Re learning to use them, I'm more suggesting that you should actually try to use them, because if you believe that they don't "achieve any actual problem-solving," you clearly haven't done so.
There are plenty of reports in this thread alone about how people are using them to solve problems. For coding applications, most of us are working on proprietary code that the LLMs haven't been trained on, yet they're able to exhibit strong functional understanding of large, unfamiliar codebases, and they can correctly solve many problems that they're asked to solve.
The illusion of thinking paper you linked seems to imply another misunderstanding on your part. All that's pointing out is a fact that's fairly obvious to anyone paying attention: if you use a text generation model to generate the text of supposed "thoughts", those aren't necessarily going to reflect the model's internal functioning.
Functionally, the models can clearly understand almost arbitrary domains and solve problems within them. If you want to claim that's not "thinking", that's really just semantics, and doesn't really matter except philosophically. The point is their functional capabilities.
Only thing I got from this is nostalgia from the old PC with its internals sprawled out everywhere. I still use desktop PCs as much as I can.

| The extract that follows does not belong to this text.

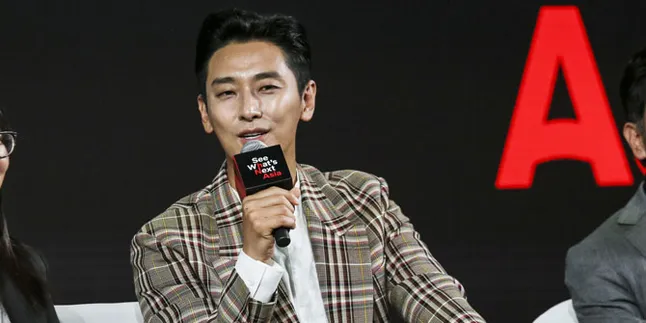 Awalnya Ingin Gandeng Song Joong Ki, Apa Alasan Joo Ji Hoon Dipercaya Main 'KINGDOM'? Awalnya Ingin Gandeng Song Joong Ki, Apa Alasan Joo Ji Hoon Dipercaya Main 'KINGDOM'?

My main rig is almost ten years old and it's been upgraded countless times although is now essentially "maxed out". Thank god for PC gamers, otherwise I'm not sure we'd still have PCs at all.
One of the things that has Claude as my goto option is its ability to start long-running processes, which it can read the output of to debug things.
There are a bunch of hacks you could have used here to skip the manual part, like piping dmesg to a local udp port and having Claude start a listener.
Even something simple like getting it to run a dev server in react can have it opening multiple servers and getting confused. I've watched streams where the programmer is constantly telling it to use an already running server.